Should I rate a book low because I've read so many stories exactly like it, using the personal family experiences of the writer to create archetypal worlds in which a lot of people would recognize themselves? Should I be influenced by the fact I've just watched (and hated) The Tiger's Apprentice hours before I started reading this book and realizing the stories are almost identical? Or should I just rate it compared to better books and subtract a star? Because as it is, it feels a bit too harsh to rate it three stars, while being certain it does not deserve four.
Labyrinth Lost is a children/young adult book about brujas (Spanish for witch). Just like in any number of similar stories, Zoraida Cordova takes some aspects of Latin culture and religion and then proceeds with the same exact plot: well meaning, but completely stupid teen who is also THE ONE does something emotional, then tries to undo it, growing in the process. She has protectors that have watched her from afar without her knowledge and friends who aren't what they seem, mentors that have imparted just a tiny smidge of knowledge before vanishing or dying, usually right before a life branching time or ritual approaches. The villain is a psychotic evil person without any hope of redemption, completely two dimensional, powerful beyond belief, yet reluctant to attack before the hero gathers enough information, power and friends to defeat them. There are magical worlds, magical NPCs, betrayal, love, friendship and [Vin Diesel voice] family. There are moments where the power of the hero is conveniently either not available or exactly the type and power required, and it comes from the heart, not - God forbid - from actual effort to learn or train. And when that's not possible, always a ghost, ethereal transmission or unexpected ally comes to the rescue. Decisions are taken from kindness or some sort of deep ingrained morality, but thought or planning. You know the drill.

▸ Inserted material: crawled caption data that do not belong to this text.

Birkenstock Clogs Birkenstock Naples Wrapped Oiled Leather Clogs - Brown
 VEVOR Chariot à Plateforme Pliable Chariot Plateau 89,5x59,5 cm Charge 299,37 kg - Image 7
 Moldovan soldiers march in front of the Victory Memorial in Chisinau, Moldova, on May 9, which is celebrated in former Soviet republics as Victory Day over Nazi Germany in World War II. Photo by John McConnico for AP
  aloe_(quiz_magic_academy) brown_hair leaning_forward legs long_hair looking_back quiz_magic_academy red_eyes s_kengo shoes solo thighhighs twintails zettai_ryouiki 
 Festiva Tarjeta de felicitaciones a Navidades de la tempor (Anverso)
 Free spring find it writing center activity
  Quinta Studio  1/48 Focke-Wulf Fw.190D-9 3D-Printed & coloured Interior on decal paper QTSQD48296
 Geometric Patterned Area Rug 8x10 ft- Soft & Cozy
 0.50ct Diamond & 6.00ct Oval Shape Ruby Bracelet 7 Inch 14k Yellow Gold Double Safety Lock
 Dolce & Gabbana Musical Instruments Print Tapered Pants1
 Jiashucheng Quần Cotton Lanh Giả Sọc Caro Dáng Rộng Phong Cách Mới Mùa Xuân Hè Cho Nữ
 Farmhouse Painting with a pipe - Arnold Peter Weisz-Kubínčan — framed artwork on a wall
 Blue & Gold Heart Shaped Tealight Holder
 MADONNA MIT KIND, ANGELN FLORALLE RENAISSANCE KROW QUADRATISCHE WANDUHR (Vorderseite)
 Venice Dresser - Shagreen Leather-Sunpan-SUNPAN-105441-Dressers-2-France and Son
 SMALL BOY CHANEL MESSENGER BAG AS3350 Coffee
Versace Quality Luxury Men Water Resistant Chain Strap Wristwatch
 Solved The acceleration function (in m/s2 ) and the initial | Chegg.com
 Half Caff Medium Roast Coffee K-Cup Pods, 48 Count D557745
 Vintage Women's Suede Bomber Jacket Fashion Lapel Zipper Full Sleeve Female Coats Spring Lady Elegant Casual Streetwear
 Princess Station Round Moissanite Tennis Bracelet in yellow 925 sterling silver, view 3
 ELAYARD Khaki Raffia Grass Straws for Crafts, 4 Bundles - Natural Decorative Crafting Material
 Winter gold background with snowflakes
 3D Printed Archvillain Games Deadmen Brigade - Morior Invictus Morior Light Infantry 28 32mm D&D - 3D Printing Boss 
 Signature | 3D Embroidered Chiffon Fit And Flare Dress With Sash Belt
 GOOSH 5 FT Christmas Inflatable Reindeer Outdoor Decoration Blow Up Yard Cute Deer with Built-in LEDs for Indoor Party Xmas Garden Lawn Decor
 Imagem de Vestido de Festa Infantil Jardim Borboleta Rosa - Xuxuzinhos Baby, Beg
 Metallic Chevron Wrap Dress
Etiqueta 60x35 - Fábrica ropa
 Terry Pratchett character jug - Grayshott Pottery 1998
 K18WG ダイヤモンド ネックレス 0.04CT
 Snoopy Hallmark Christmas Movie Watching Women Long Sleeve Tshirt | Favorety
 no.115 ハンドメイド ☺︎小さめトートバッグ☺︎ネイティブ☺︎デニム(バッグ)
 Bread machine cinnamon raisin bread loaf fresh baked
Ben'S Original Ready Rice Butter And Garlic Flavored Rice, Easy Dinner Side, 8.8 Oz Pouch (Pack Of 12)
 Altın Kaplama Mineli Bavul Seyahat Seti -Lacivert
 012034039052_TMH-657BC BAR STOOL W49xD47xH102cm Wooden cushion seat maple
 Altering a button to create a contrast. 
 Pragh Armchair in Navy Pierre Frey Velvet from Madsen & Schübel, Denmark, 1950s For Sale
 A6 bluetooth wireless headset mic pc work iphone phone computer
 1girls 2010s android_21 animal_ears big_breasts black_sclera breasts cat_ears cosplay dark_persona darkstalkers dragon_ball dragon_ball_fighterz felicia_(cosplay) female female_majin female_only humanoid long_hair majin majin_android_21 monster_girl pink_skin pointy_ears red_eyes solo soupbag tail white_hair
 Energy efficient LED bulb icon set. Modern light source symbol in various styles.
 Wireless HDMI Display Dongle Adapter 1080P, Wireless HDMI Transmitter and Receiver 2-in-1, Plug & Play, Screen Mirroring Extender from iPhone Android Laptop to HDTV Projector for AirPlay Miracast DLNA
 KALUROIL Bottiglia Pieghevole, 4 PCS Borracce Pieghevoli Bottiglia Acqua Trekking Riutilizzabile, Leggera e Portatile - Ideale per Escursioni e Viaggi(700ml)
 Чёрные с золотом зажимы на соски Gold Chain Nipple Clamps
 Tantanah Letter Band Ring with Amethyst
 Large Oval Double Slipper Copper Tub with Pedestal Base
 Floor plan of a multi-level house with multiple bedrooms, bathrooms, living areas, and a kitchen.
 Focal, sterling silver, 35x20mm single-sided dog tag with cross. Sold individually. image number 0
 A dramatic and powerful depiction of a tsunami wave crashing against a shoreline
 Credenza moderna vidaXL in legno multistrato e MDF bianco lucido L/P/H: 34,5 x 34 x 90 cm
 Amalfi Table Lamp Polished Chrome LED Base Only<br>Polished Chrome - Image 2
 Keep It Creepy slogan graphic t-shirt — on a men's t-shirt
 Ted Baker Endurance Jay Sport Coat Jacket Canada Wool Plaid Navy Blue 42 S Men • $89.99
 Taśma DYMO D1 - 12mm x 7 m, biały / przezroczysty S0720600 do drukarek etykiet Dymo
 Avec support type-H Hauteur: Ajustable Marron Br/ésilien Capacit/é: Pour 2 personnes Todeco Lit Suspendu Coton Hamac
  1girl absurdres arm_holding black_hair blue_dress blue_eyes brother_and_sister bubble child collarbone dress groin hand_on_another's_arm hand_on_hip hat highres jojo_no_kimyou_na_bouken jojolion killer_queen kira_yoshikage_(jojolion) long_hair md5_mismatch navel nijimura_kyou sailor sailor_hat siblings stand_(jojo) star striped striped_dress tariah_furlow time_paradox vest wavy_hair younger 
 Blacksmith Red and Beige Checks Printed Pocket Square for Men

At no point of the book was I surprised or warmed up to any of the characters as they were thoroughly formulaic, like they had no identity of their own. I think that makes the book a completely average product. Predictable story, mid characters with no agency or realistic growth, average writing skill. Yup, three stars.
P.S. Are teens actually reading stuff? Because it feels like people are writing books now solely in hope that they will be optioned for film adaptions which then will push armies of identical children to buy and read the books at the same time.